[YOUR TASK] In the data that follows, count every line holding the string "free" and give the count alone.

───── EXTRACTED DATA ─────

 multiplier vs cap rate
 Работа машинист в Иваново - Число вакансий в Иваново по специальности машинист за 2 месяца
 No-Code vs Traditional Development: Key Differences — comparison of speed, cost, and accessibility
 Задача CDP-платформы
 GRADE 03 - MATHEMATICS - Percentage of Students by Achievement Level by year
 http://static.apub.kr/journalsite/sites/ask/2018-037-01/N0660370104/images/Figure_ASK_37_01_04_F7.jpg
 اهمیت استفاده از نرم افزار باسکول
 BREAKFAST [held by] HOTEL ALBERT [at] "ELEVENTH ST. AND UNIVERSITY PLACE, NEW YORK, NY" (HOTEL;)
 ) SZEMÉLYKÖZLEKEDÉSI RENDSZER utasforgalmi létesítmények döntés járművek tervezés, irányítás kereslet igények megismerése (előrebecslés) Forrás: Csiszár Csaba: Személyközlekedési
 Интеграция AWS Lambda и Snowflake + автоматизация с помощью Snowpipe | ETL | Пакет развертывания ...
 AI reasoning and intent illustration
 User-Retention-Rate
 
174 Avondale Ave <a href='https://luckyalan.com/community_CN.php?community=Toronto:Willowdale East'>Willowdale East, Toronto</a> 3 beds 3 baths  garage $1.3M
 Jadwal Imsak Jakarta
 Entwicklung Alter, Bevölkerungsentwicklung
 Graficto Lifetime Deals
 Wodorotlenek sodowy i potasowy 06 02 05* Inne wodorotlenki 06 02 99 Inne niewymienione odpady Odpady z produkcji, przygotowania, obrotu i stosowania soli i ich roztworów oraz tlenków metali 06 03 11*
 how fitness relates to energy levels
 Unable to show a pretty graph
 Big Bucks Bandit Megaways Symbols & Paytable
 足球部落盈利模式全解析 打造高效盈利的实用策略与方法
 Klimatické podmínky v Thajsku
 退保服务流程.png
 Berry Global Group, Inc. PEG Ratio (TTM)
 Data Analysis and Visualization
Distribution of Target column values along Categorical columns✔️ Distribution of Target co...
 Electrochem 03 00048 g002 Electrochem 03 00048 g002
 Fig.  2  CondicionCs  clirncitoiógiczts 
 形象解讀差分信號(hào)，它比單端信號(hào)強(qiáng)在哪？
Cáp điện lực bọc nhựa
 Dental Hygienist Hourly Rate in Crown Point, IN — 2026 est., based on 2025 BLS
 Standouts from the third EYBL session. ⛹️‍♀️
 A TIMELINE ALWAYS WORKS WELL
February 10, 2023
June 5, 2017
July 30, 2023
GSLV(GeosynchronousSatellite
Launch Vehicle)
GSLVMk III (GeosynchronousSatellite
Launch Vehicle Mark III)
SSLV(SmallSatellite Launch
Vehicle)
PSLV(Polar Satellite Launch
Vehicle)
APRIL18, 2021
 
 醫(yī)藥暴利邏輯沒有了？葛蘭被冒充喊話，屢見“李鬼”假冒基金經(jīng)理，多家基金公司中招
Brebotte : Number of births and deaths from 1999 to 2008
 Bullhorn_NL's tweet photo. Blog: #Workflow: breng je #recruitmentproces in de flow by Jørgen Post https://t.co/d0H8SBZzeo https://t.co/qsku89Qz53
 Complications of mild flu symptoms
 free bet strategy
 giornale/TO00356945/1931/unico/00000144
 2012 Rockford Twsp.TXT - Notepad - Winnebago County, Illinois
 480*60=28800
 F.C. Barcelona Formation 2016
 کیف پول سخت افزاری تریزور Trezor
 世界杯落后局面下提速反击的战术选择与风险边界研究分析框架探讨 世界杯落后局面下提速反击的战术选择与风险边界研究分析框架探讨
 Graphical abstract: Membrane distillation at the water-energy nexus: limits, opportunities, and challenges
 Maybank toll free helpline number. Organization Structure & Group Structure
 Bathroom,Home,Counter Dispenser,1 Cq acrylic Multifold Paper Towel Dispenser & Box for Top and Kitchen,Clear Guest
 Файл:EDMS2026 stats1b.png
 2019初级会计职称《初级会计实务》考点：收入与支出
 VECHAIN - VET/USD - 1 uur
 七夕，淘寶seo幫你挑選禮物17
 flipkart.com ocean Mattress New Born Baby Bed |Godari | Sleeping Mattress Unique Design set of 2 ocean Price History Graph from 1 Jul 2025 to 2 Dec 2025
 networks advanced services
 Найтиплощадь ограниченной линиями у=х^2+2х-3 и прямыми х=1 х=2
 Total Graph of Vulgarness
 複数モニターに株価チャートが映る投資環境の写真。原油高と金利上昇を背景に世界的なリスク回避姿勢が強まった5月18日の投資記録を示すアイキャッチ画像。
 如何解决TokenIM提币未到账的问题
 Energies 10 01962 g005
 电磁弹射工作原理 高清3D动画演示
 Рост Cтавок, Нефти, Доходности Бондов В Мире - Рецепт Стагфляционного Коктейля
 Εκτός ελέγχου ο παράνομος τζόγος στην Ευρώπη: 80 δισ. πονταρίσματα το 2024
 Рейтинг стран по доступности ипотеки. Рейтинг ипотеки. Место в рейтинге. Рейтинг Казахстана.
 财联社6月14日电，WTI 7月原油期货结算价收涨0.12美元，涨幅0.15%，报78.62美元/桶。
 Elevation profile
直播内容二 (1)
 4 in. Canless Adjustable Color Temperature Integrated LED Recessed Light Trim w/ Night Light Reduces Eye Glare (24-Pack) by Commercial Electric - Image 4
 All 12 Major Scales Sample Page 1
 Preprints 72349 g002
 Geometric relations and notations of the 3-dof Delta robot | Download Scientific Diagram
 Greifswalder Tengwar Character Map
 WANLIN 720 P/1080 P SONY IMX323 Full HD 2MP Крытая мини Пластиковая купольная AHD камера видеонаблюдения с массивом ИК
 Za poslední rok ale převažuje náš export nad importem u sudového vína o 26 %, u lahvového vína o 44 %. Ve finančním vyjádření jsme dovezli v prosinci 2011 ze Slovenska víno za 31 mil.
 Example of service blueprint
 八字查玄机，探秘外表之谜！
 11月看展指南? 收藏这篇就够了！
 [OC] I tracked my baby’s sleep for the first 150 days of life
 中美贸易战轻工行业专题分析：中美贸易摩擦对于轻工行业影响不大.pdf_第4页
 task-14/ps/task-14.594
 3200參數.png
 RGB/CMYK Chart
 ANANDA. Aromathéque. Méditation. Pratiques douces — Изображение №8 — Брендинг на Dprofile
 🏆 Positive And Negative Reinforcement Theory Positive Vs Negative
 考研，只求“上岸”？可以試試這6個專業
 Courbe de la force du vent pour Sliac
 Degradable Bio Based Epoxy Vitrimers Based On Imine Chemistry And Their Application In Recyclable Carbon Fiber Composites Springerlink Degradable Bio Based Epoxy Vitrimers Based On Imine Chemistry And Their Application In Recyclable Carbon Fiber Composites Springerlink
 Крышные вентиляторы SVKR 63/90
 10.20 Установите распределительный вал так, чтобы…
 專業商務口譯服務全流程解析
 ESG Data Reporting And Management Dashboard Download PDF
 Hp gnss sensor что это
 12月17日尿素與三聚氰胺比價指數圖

─────

[TASK ANSWER] 2